Il Dopoguerra e gli anni Cinquanta, affrontati da un film del 1974, sono passato recente, ancora vivo nell’esperienza degli spettatori. Scola se ne distacca con sguardo critico, agendo per sottrazione del colore. Il bianco e nero è al tempo stesso strumento concettuale, stilistico e tematico. È il mezzo della memoria e del metalinguaggio, della riflessione del regista su ciò che viene messo in scena.
Appartengono solo alle scene in bianco e nero della prima metà del film, infatti, i soliloqui in cui i personaggi esprimono pensieri, motivazioni e segreti.
Il bianco e nero del teatro e il colore della vita
Nero tutto intorno, con la forte luce di un solo riflettore che illumina i volti di Sandrelli e Gassman, come in un quadro teatrale. Gli occhi di Luciana e Gianni si incontrano per la prima volta e i rumori dell’osteria popolare svaniscono, trasformandosi in musica per un passo a due.

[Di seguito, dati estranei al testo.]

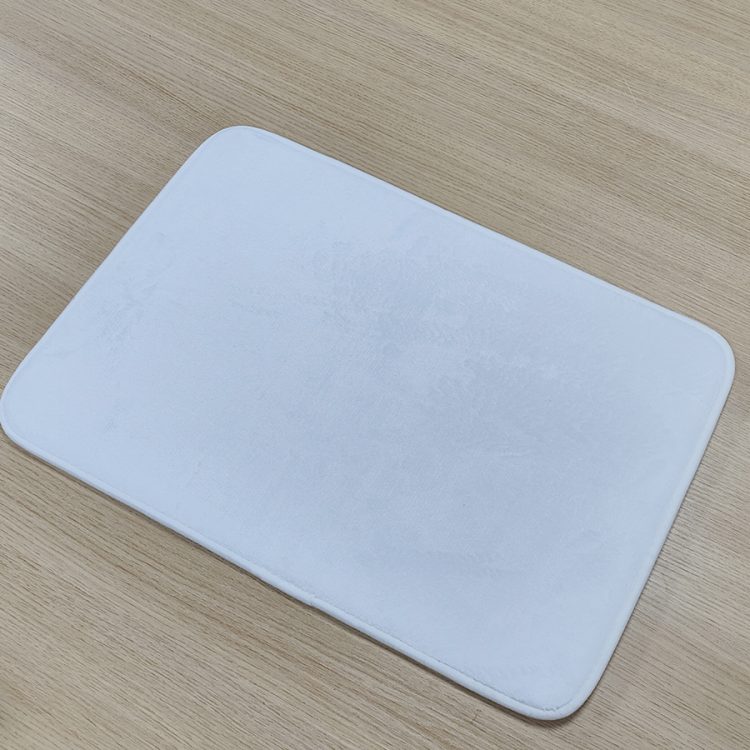 Personalized Home Entry Mat Custom Sublimation Felt Mat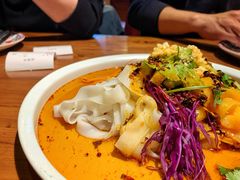 精品凉皮-天山集市(和家乐广场店)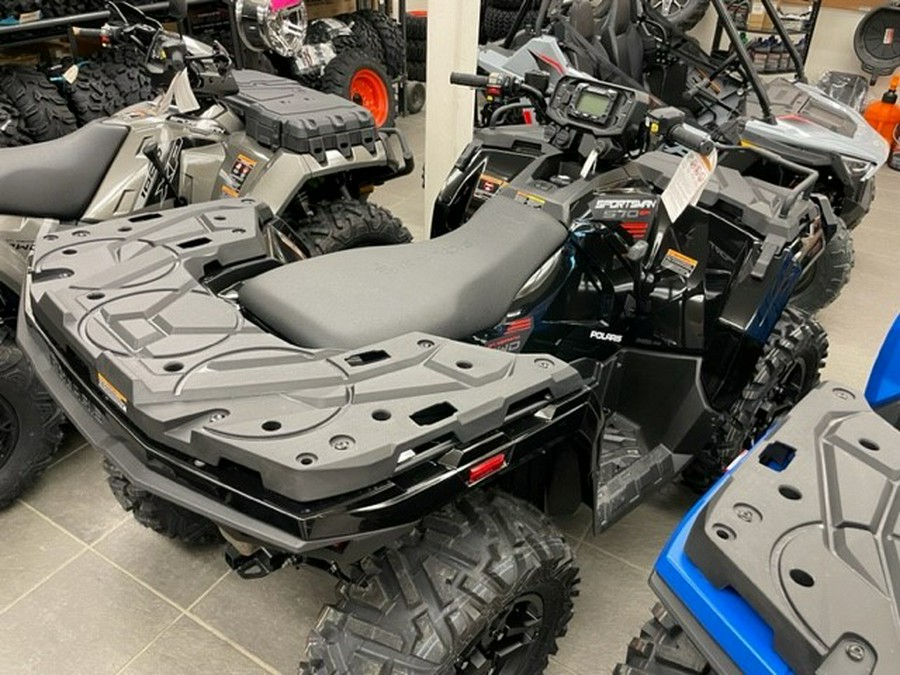 2024 Polaris Industries Sportsman® 570 Trail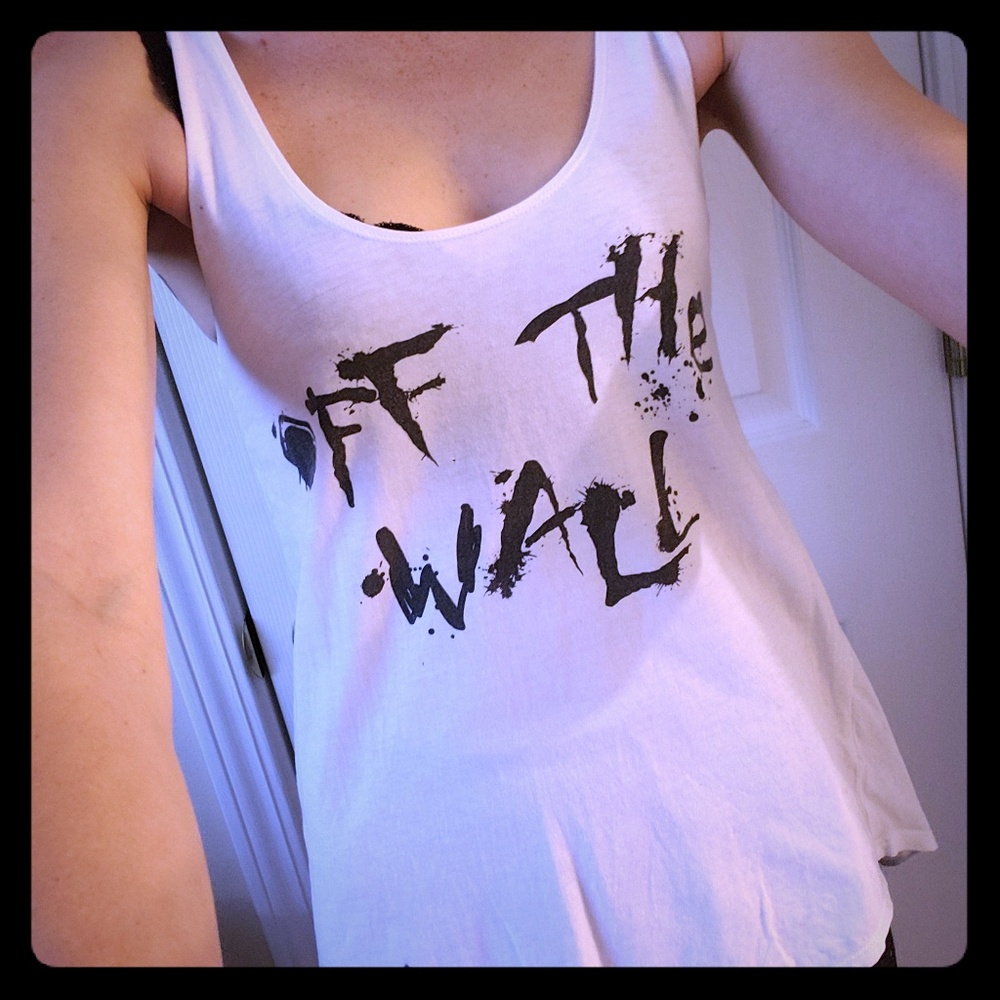 Vans "Off the Wall" Tank
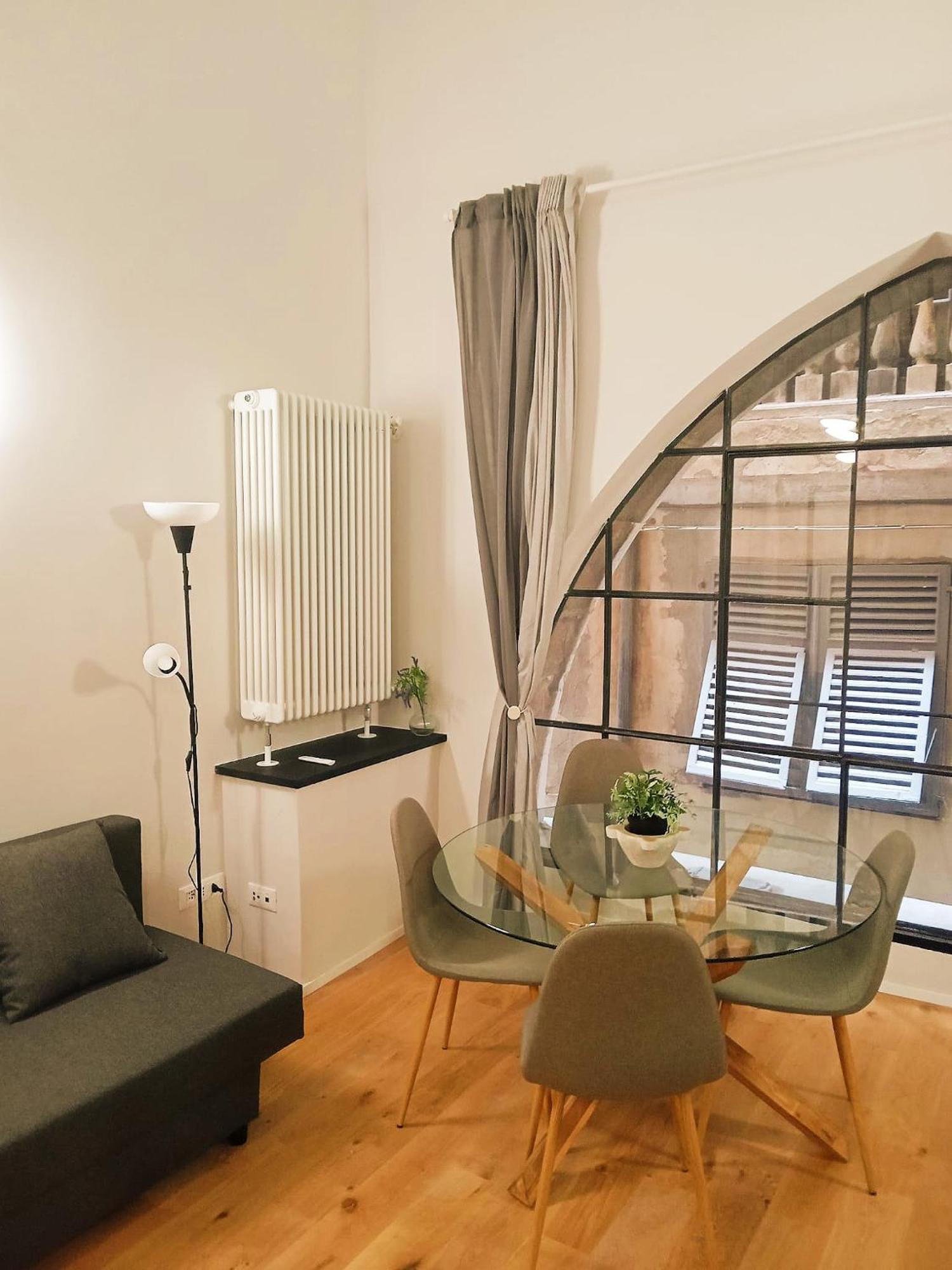 Apartamento Loft Pellicceria Génova Exterior foto
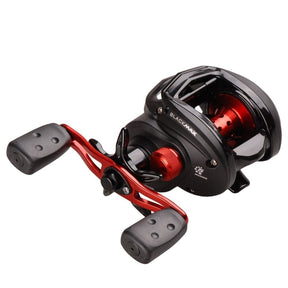 Carretilha Abu Garcia Black Max 3 [GANHE 1 ÓCULOS GRÁTIS] Pesca (Carretilha 7) Lojas Quinho 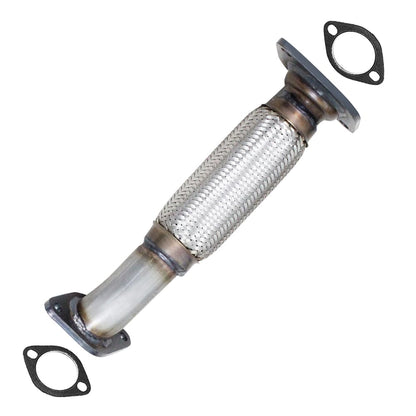 2008-2012 Malibu 2.4L | 2009 Pontiac G6 3.6L and 2010 G6 2.4L| 2009 Saturn Aura 2.4L 3.6L Exhaust Front Flex Pipe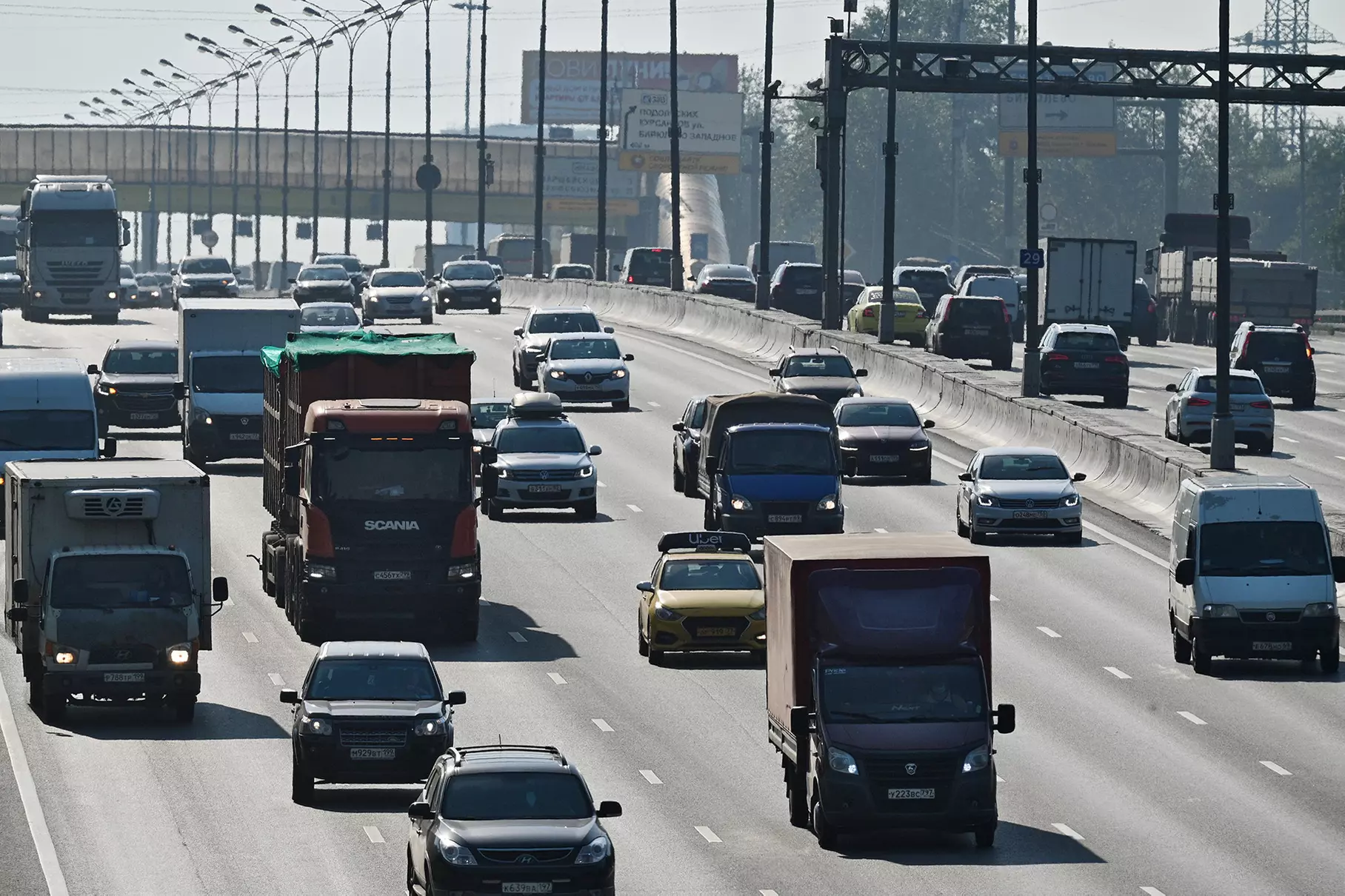 In Russia, duties for drivers will grow sharply. The law is adopted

È solo uno dei momenti di C’eravamo tanto amati in cui è sufficiente che le ombre si facciano più dense e i tagli di luce più netti, affinché la fotografia in bianco e nero del cinema del reale diventi invece quella del sogno, del teatro e della finzione. Nel momento in cui Luciana sopravvive a un tentativo di suicidio, tuttavia, la realtà e il presente prendono il sopravvento e il film si divide in due esatte metà, colorandosi.
Mentre i quattro protagonisti si allontanano gli uni dagli altri, in altrettante direzioni, per incontrarsi solo anni dopo, il manto rosso di una Madonna disegnata sull’asfalto diventa sempre più acceso. La vita scorre e l’Italia cambia e a Scola basta una sola immagine per comunicarlo.
«È lo snodo narrativo del film, ottenuto con una successione di fotogrammi saturati uno per volta», come spiegato nella monografia del regista a cura di Stefano Masi (Ettore Scola. Uno sguardo acuto e ironico sull’Italia e gli italiani, Gremese Editore, 2006).
Tutto quello che viene rappresentato in seguito ha il retrogusto amaro di una vita vissuta nella nostalgia dei legami passati.
«Il ricordo di quei giorni sempre uniti ci terrà»
La Resistenza sulle montagne, il referendum del 1946 e l’Italia di De Gasperi, la Dolce Vita di Fellini negli anni Sessanta e la riforma del diritto di famiglia nella metà dei Settanta. L’Italia si guarda allo specchio nei suoi primi tre decenni repubblicani e affida il suo riflesso alla rappresentazione immortale del cinema, di cui si fa monumento e documento, attraverso citazioni dirette e un cast artistico e tecnico che costituisce il meglio dell’ultima commedia all’italiana.